# Why do you never see locusts fly?



## SamH (Aug 25, 2007)

Quick question.. why is it that whenever you put a few adult locusts in with your beardie, bosc ect.. you never see them flying around?? they have wings.. why do they never use them? :hmm:

Thanks : victory:


----------



## Nerys (Apr 18, 2005)

space?

i've seen them fly...

and so has one poor lady where i worked about 8 years back.. i was able to keep two beardies in the office back then.. one locust got out.. and ended up being found when it flew over the top of the toilet cubicle said lady was occupying at the time..

thankfully she was already in position, as i am told she nearly crapped herself as the locust joined her communion with the great white god... 

heeheeheehee

N


----------



## SamH (Aug 25, 2007)

Nerys said:


> space?
> 
> i've seen them fly...
> 
> ...


:lol2::lol2: You couldn't write that lol


----------



## Taxemic (Aug 13, 2008)

They do if you chuck a grenade at them. You are on about Gears of War 'aint ya? :lol2:

Joke.

It's only the adults that fly. I've seen 'em do it. They swarm in some countries.


----------



## macro junkie (Oct 27, 2007)

the wings are to small for how big and heavy there body is..They can jump and sort of use there wings to be in the air a split second more but that's about it..same goes for adult grass hoppers in the wild.


----------



## blatta (May 21, 2008)

They are capable of flight. The locust is one of the greatest insect travellers, they have been recorded to travel 4500km (~3000 miles), albeit with help from the weather.

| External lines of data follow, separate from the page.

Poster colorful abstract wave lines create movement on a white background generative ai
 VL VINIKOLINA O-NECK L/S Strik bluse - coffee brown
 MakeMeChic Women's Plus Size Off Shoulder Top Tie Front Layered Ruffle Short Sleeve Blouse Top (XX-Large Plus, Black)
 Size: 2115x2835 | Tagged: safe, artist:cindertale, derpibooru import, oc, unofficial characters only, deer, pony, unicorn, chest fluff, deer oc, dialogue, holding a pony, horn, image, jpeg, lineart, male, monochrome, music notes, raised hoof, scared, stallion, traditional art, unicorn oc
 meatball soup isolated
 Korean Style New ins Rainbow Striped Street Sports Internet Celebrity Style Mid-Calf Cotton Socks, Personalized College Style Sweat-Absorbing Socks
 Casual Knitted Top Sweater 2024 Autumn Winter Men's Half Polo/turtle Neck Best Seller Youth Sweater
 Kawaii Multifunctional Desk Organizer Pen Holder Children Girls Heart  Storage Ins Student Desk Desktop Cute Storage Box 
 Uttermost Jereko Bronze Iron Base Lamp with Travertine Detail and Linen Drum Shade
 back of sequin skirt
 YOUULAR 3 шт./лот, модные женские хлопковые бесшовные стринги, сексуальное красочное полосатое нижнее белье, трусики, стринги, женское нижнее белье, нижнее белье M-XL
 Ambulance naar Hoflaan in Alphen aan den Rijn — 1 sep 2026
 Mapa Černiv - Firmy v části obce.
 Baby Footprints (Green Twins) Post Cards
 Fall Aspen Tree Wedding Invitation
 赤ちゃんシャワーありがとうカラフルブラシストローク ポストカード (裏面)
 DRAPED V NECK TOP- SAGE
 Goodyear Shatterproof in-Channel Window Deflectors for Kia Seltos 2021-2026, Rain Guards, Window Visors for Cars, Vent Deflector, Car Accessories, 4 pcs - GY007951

They often dont fly in captivity because they are not warm enough, or perhaps they need to warm up their wing muscles. I had one fly away once. Up up, and away!


----------



## Natrix (Dec 9, 2006)

Here's an amusing game for those that want to see a locust fly.

Hold the locust by its back legs, keeping its wings free to move and blow gently over its head. The locust (and many other insects) has small hairs on its head that link direct to the wings. If these hairs feel a breeze they make the wings flap automatically. The locust can't not flap under these conditions.

Go on, give it a go just remember to blow and not suck .

Natrix


----------



## Just_Nash (Dec 1, 2007)

Natrix said:


> Here's an amusing game for those that want to see a locust fly.
> 
> Hold the locust by its back legs, keeping its wings free to move and blow gently over its head. The locust (and many other insects) has small hairs on its head that link direct to the wings. If these hairs feel a breeze they make the wings flap automatically. The locust can't not flap under these conditions.
> 
> ...


Sounds a bit like trying to lick your elbow..


----------



## Carol (Aug 2, 2007)

I breed my own and they fly


----------



## Ssthisto (Aug 31, 2006)

Well, my cats have chased the "armoured sparrows" around my house when one of the little boogers broke the lid to the Perfecto tank I was keeping them in and released a bag of a hundred of 'em, and they absolutely do fly - up the stairs, up the walls...


----------



## SamH (Aug 25, 2007)

Ssthisto said:


> Well, my cats have chased the "armoured sparrows" around my house when one of the little boogers broke the lid to the Perfecto tank I was keeping them in and released a bag of a hundred of 'em, and they absolutely do fly - up the stairs, up the walls...


:lol2: bet that was fun


----------



## malthereplover (Aug 22, 2008)

SamH said:


> Quick question.. why is it that whenever you put a few adult locusts in with your beardie, bosc ect.. you never see them flying around?? they have wings.. why do they never use them? :hmm:
> 
> Thanks : victory:


Chuck em up in the air, then they should, do with me lol


----------